Given information —
________________

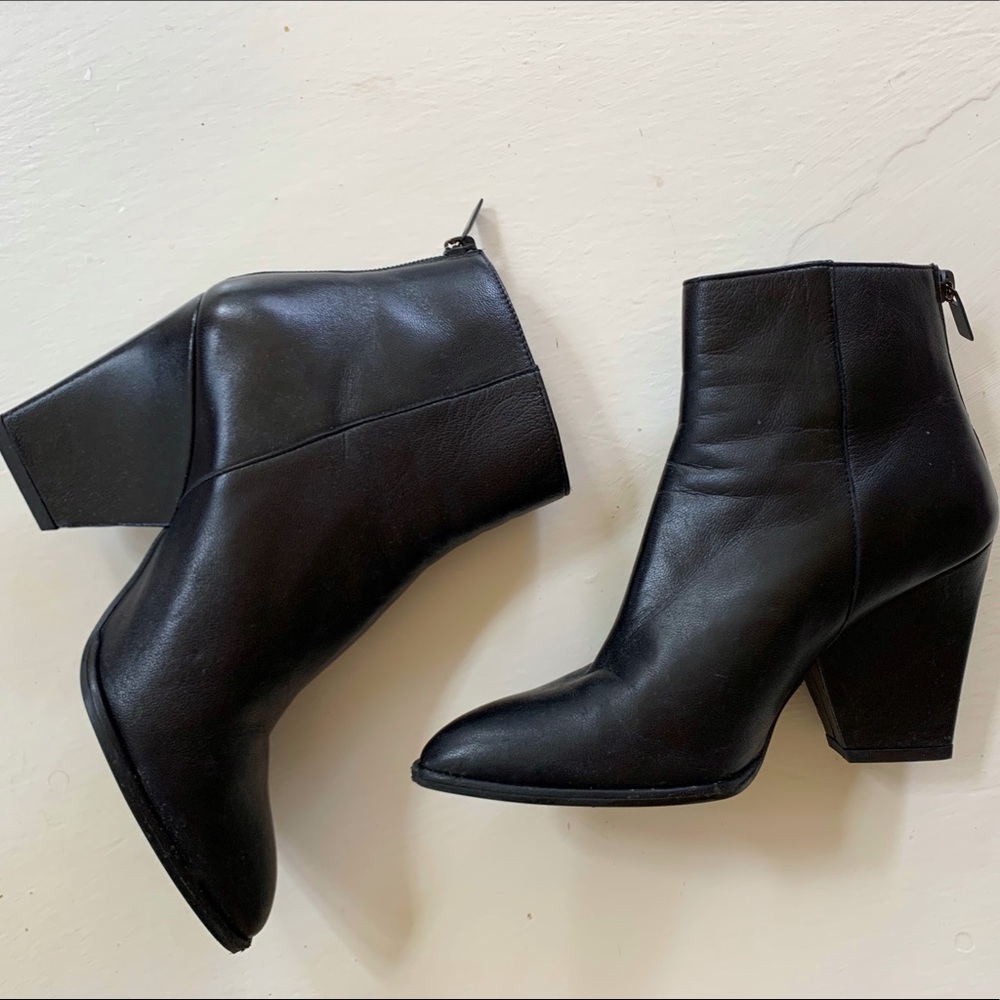 Stuart Weitzman Bedford Black Booties- EUC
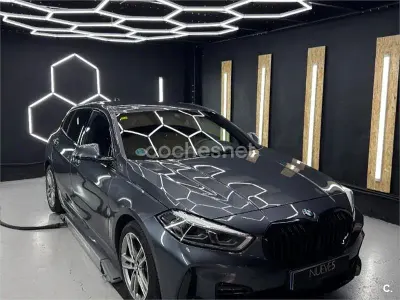 Usado BMW 118 150 CV (110 kW) 2020 Gris / plata Utilitario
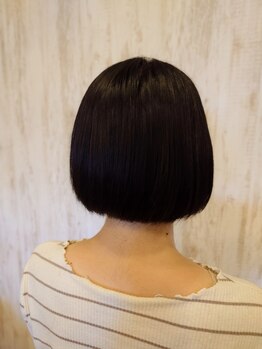 ルルゥズヘアー(Lou Lou's Hair)の写真/白髪を隠すのではなく「活かす」カラーで、大人女性のお洒落を応援します◎髪のお悩み是非ご相談ください！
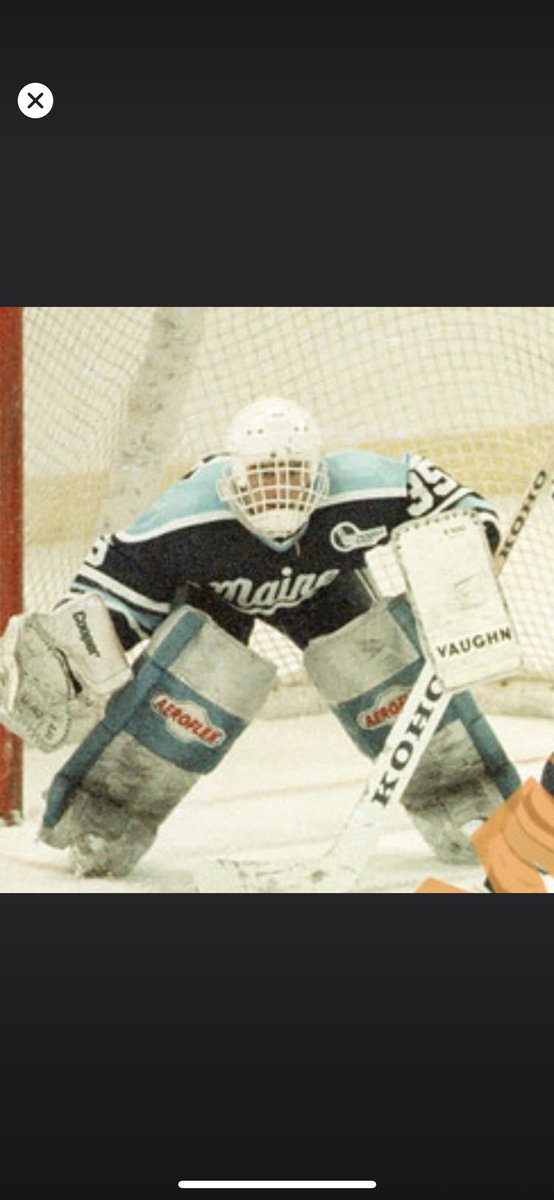 JR0791's tweet photo. Matt DelGuidice when he was playing at University of Maine. Off the rails with his Aeroflex pads, Vaughn blocker, and his Cooper glove. Enjoy!! 👍👍 @VintageGoalie @EssensasBlocker @GoalieHistory @GoalieGearNerd @TheGoalNet45 https://t.co/H6SAvqbZ7k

________________

The problem —
Only the lines from the line holding "Usado BMW 118" through the last line above belong in the answer, repeated exactly; the pictures do not.

Written response —
 Usado BMW 118 150 CV (110 kW) 2020 Gris / plata Utilitario
 ルルゥズヘアー(Lou Lou's Hair)の写真/白髪を隠すのではなく「活かす」カラーで、大人女性のお洒落を応援します◎髪のお悩み是非ご相談ください！
 JR0791's tweet photo. Matt DelGuidice when he was playing at University of Maine. Off the rails with his Aeroflex pads, Vaughn blocker, and his Cooper glove. Enjoy!! 👍👍 @VintageGoalie @EssensasBlocker @GoalieHistory @GoalieGearNerd @TheGoalNet45 https://t.co/H6SAvqbZ7k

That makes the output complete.